Samoas are one of the reasons that Girl Scout cookies are so popular. But you don’t have to wait for those order forms to enjoy them. Our Samoas use raw ingredients that retain that coconutty, caramely, chocolatey taste you love.
Peanut butter is a natural fit for cookies, and this recipe brings out the rich flavor in a big way. Adding a touch of sea salt to the top gives them a little texture and complements their sweetness perfectly.
Packed with coconut flavor, these cookies are part macaroon, part sugar cookie, and entirely delicious. They’re another great option during the holiday season—box them up with a bow for the perfect gift.
Love those skillet cookies from restaurants? Replicate them at home! This fun recipe creates an oversized cookie that can be served in slices just like a pie. The use of sprouted white wheat flour delivers an extra touch of nutrition and helps increase the depth of flavors.
One way to avoid potential contamination in raw dough is to not use eggs at all. This recipe eliminates them (plus chocolate and milk) and still manages to deliver a deliciously rich, sweet cookie. It’s a great way to create that classic oatmeal raisin taste without worrying about dietary restrictions.

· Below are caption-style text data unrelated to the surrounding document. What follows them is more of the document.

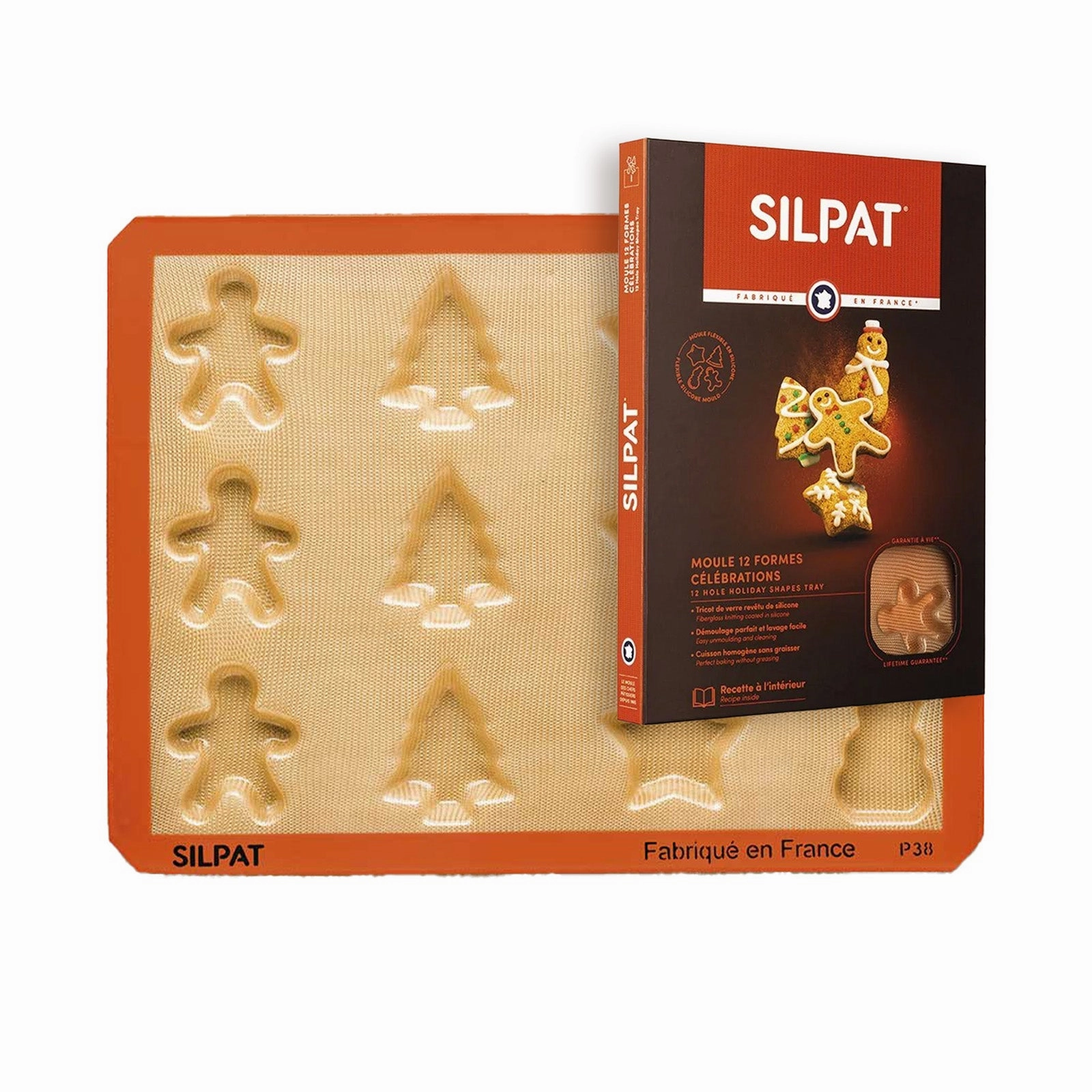 Silpat Perfect Non-Stick 12 Cavity Holiday Treats Baking Pan Bakeware online promo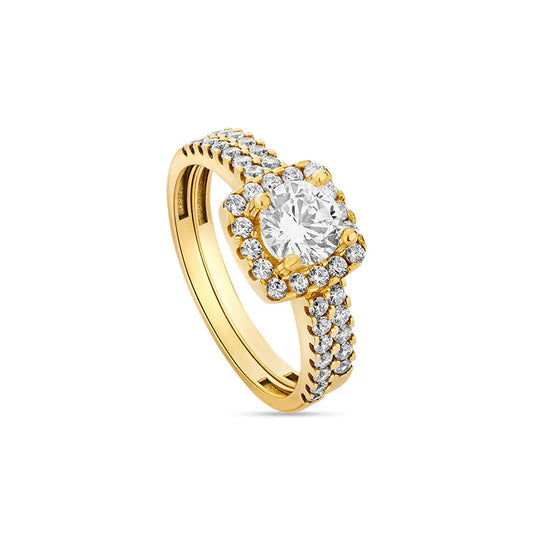 Yara 9kt gold bridal set - Wedding Rings |  Abuja | Lagos | Nigeria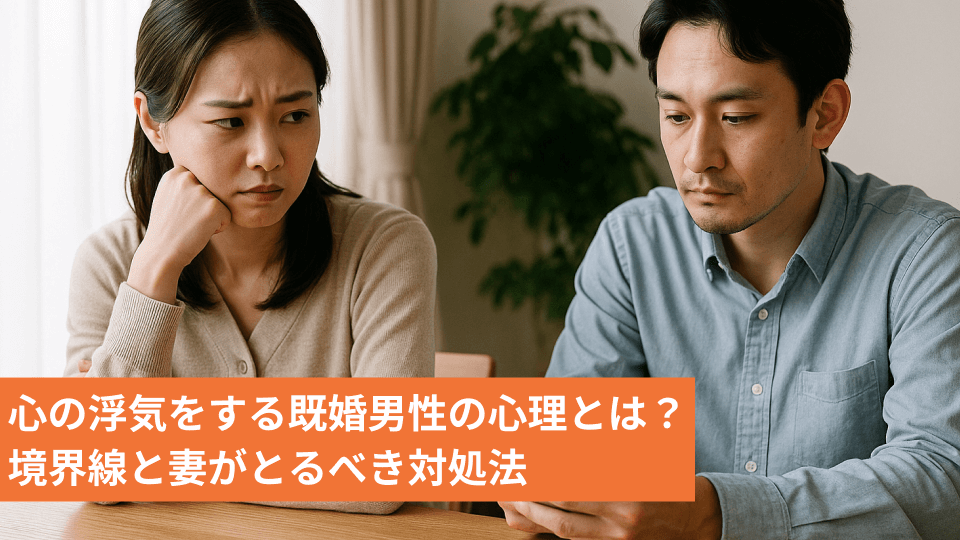 心の浮気をする既婚男性の心理とは？境界線と妻がとるべき対処法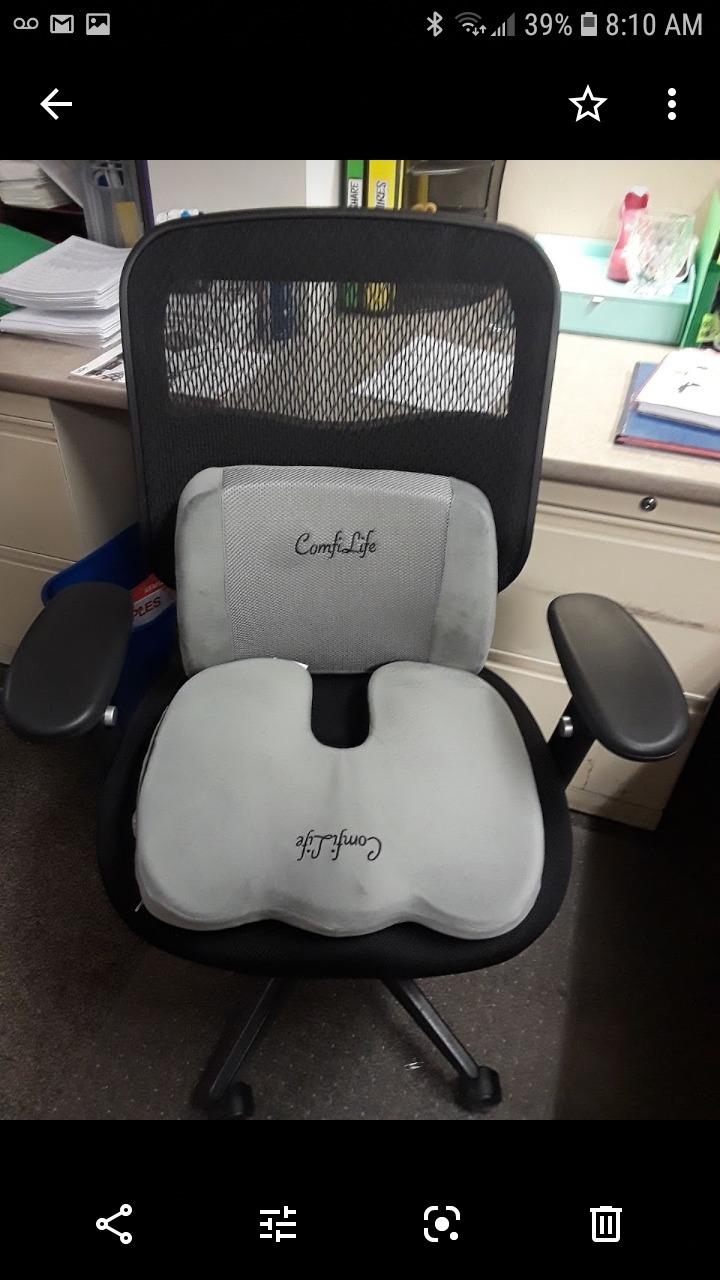 ComfiLife Lumbar Support Back Pillow Office Chair and Car Seat Cushion customer photo 2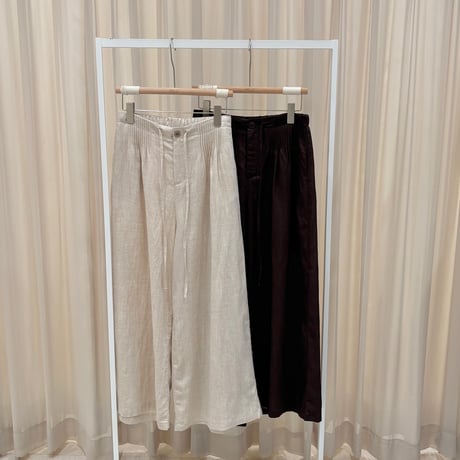 《予約販売》 Linen Tie Wide Pants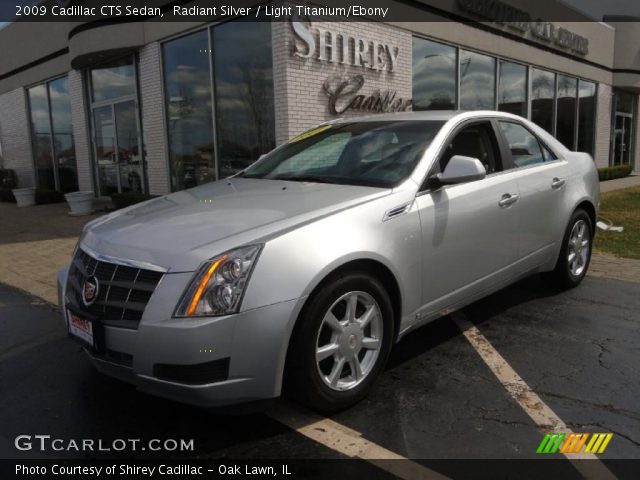 2009 Cadillac CTS Sedan in Radiant Silver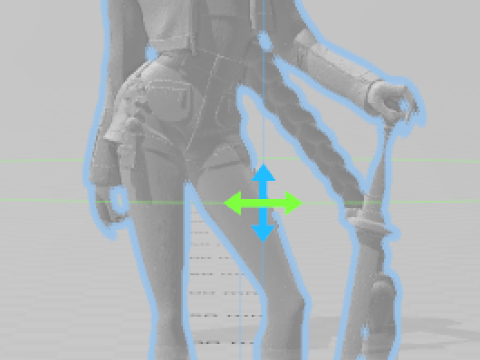 Style 3D Rumi warrior from K POP guerreira k pop Model do druku 3D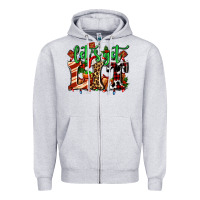 Lets Get Lit With Christmas Zipper Hoodie | Teevron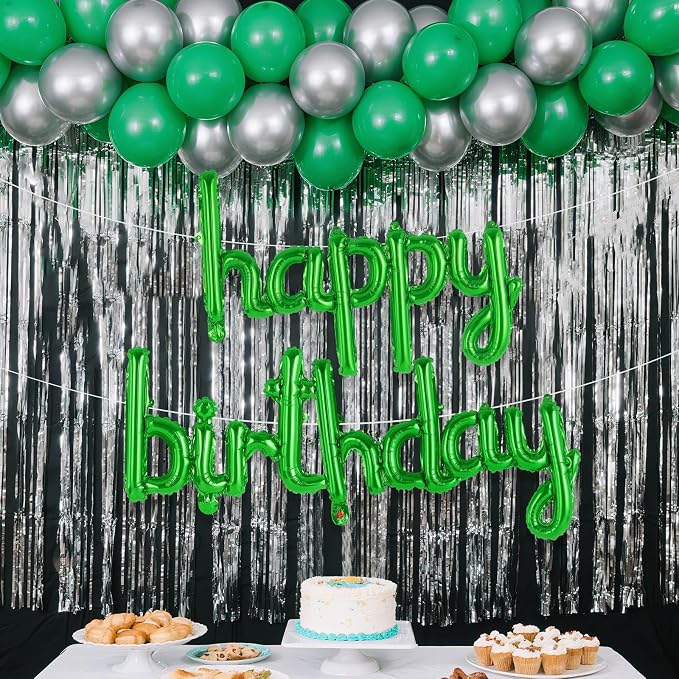 Happy Birthday Balloons Banner Foil Letters Balloons Connected, Personalized - Image 2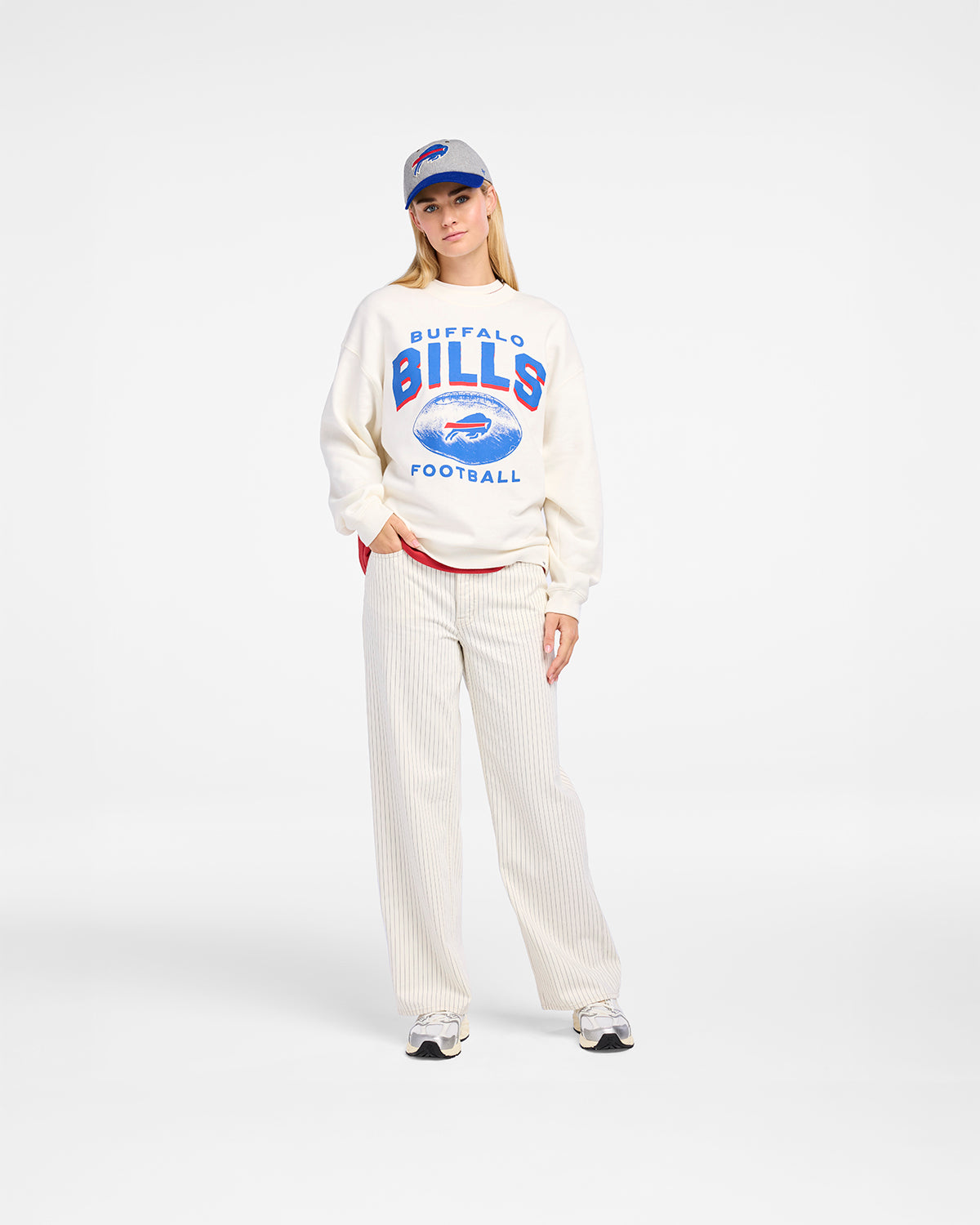 BUFFALO BILLS ARCH CLOUD '47 OVERSIZED CREW WOMENS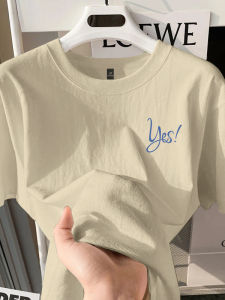 Heavyweight 230g Pure Cotton Short Sleeve Mens T-Shirt Casual Loose Fit Summer High Street Trend Brand Top Printed Creative Fun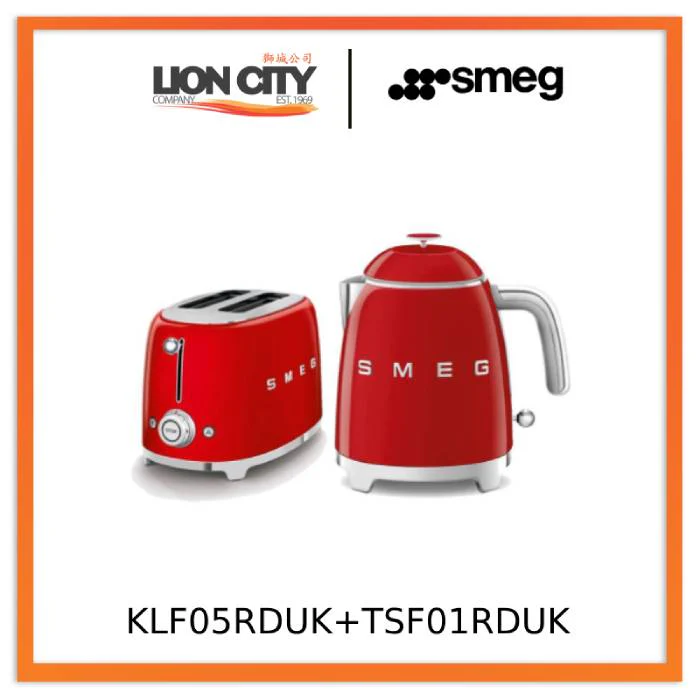 Smeg KLF05BLUK+TSF01BLUK Mini Breakfast Set, 2-Slice Toaster & 0.8L Kettle - Image 5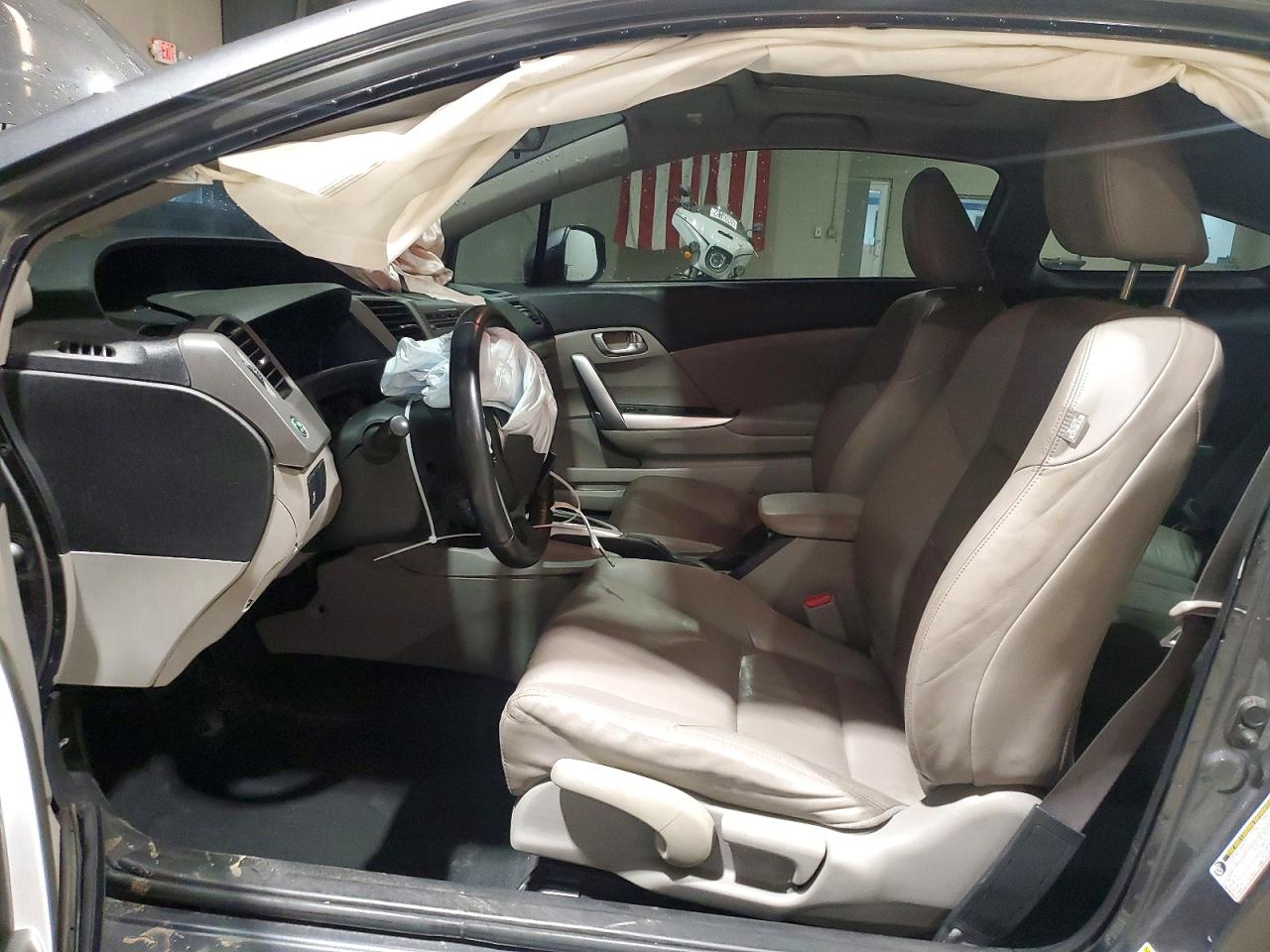 2012 Honda Civic Exl Gray vin: 2HGFG3B96CH517775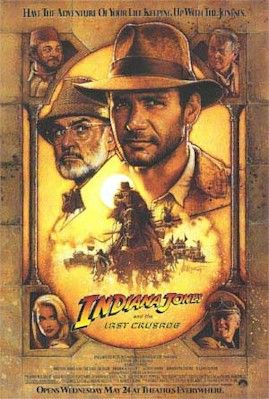 INDIANA JONES ~ THE LAST CRUSADE REGULAR MOVIE POSTER  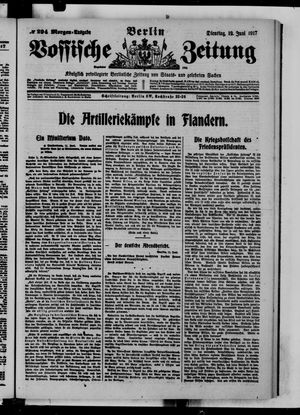 Vossische Zeitung on Jun 12, 1917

Tahini is a sesame seed paste normally used to make hummus, but it can also create a rich, nutty flavor in these cookies, similar to a peanut butter cookie but so much more complex. The addition of dates helps provide some sweetness, creating a cookie that will impress anyone.
Based on the candy known as Sno Caps, these little buttons can be topped anyway your heart desires. This makes it possible to theme them for the holidays or to add superfoods like hemp seeds, shredded coconut, and more. Make them just a bit larger to create a cookie-style dessert that’s truly something different.
Toasted walnuts and warm, chewy chocolate pair well with a with a pinch of salt in this recipe. It’s gluten-free, too! This batch is easy to make and takes less than an hour from start to finish.